Taking care of your health, you should not forget to include fish in your diet. It is an ideal source of easily digestible protein with high nutritional value. Fish also contains fat-soluble vitamins, including vitamins A, E and D.

TOP 7 healthiest fish species

Cod

One of the most useful fish. Its meat is rich in high-quality protein. This is a great alternative to red meat and poultry. It is a versatile fish, taking into account the method of culinary processing and use in dishes.

100 g of cod covers about half of the daily requirement for selenium. It should also be noted that this relatively low-fat fish contains large amounts of vitamin B12 and phosphorus.

Omega-3 fatty acids are an important reason why cod is considered one of the healthiest fish. These are substances that prevent the development of Alzheimer's disease and have a beneficial effect on allergies.

Cod is also a valuable source of vitamin D3, which is especially necessary in the autumn-winter period. This allows you to get fish oil from the liver of this fish. Rich in unsaturated fatty acids and vitamins A and D, it stimulates the body's immune system.

Mackerel

It contains a large amount of selenium, which has a positive effect on the immune system and accelerates cell regeneration. This fatty fish also contains beneficial omega-3 acids and vitamin D. However, pregnant and lactating women should be careful and try not to eat it because of its ability to accumulate mercury compounds.

Rich mackerel and other valuable ingredients. The phosphorus contained in it, like vitamin D3, has a beneficial effect on bones and teeth, so doctors recommend using it for children.
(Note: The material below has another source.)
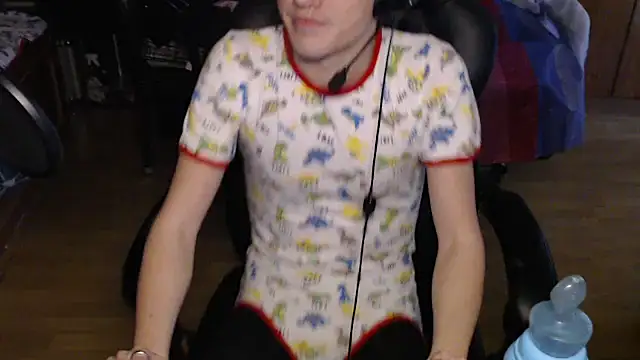 Snapshot of BabyDracoDarkfang chatting on 03/28/26, 11:21 BabyDracoDarkfang online show from 03/28/26, 11:21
Proper absorption of calcium and phosphorus in the body, as well as bone mineralization, are all the result of vitamin D3. Women who have a problem with an increased risk of muscle loss should eat mackerel.

Carp

Professional athletes or novice athletes belong to a group of people with increased nutritional needs. Such people need to eat nutritious food before training. One of them is a carp. It provides energy and replenishes nutrient reserves, so it is ideal for the diet of trained people.

Thanks to the high-quality low-fat protein, eating carp accelerates the synthesis of new proteins in the muscles. In addition, the omega-3 acids and collagen present in it have a beneficial effect on the joints of people involved in sports, etc.

Bream

The list of the most useful fish includes bream. An interesting fact is that the proteins contained in its meat are highly digestible. It ranges from 98.3%. – 98.8%. It is a medium-fat fish containing long-chain n-3 polyenic fatty acids (LC n-3 PUFA), which have many nutritional preferences.
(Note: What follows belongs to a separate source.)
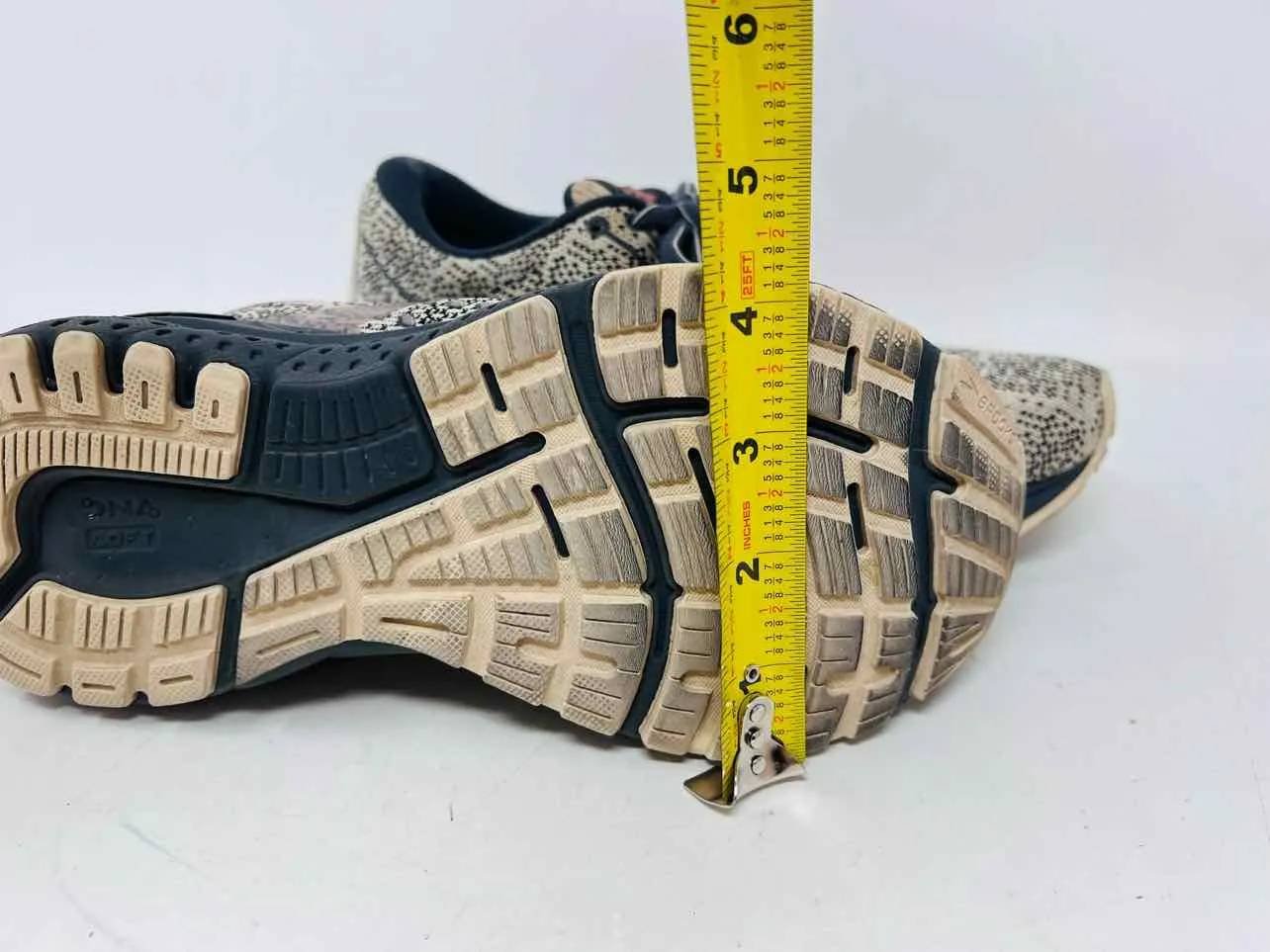 Brooks Größe 6 Beige/Grau Druck AS IS Schuhe Sneakers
Bream is also rich in many vitamins, including B vitamins, which affect the proper functioning of the nervous system. Thanks to the vitamin E contained in this fish, the risk of cancer and coronary heart disease is reduced.

Herring

Tender herring meat, rich in unsaturated fatty acids, proteins, and minerals, is appreciated by all fish lovers. The variety of vitamins such as A, E, B, and D3 makes herring a frequently purchased product.

For the herring to retain its valuable nutritional properties, it must be properly prepared. It is best to steam or bake.

Trout

Dieters can easily add this type of fish to their menu. This is a great alternative to poultry meat. Rainbow trout, steamed, baked, or stewed, has maximum nutritional value. Heat treatment should be carried out relatively briefly so that the tender meat does not fall apart.
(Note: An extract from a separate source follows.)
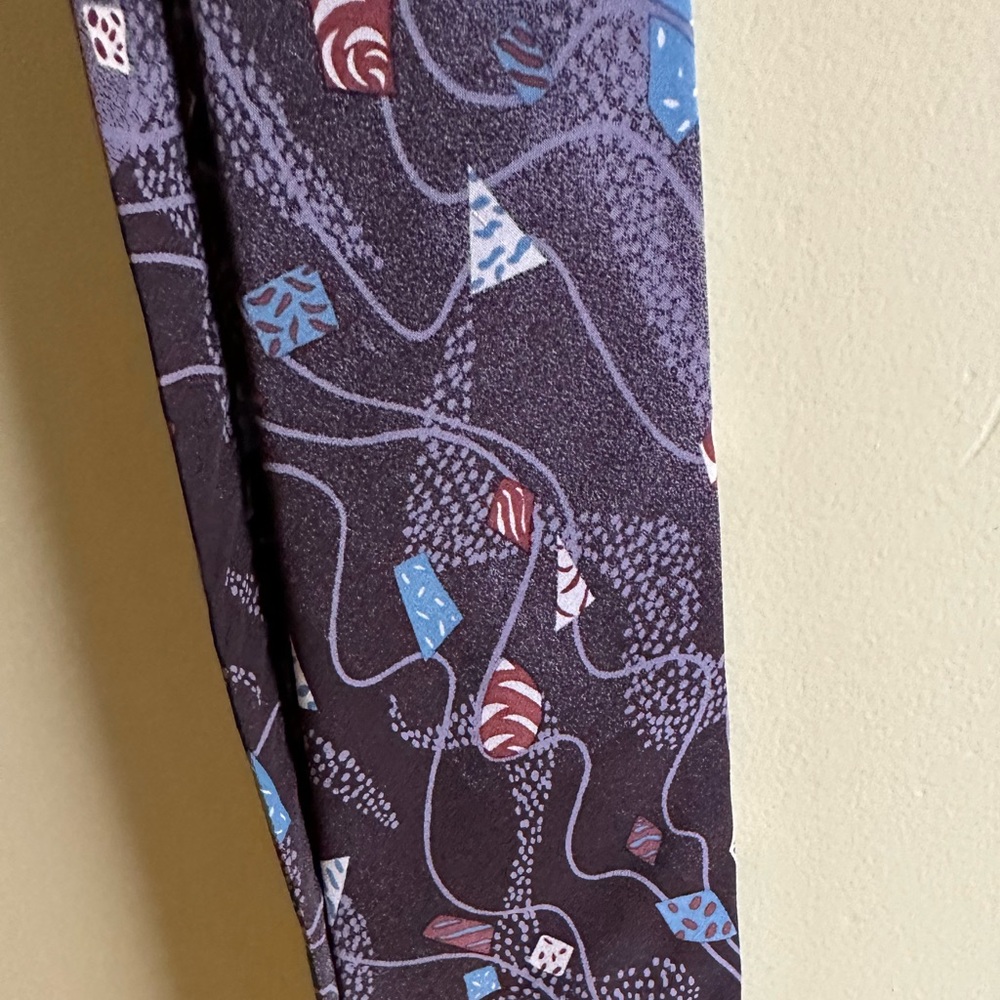 Nino Cerruti Silk Crepe Necktie - Geometric - Picture 6 of 15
Trout contains high-quality protein, B vitamins, and healthy fatty acids and is great as a main course, snack, or salad ingredient.

Pike perch

Another low–fat fish with valuable properties is walleye. Tender white meat is rich in proteins and vitamin D3. Walleye is an excellent source of selenium. It contains 44 micrograms, which covers 80% of the daily need for this element.

It should be known that selenium increases the body's immunity and protects red blood cells from free radicals. Vitamin D3 stands out among other valuable fish ingredients. 100 g of walleye can contain 143% of the daily requirement.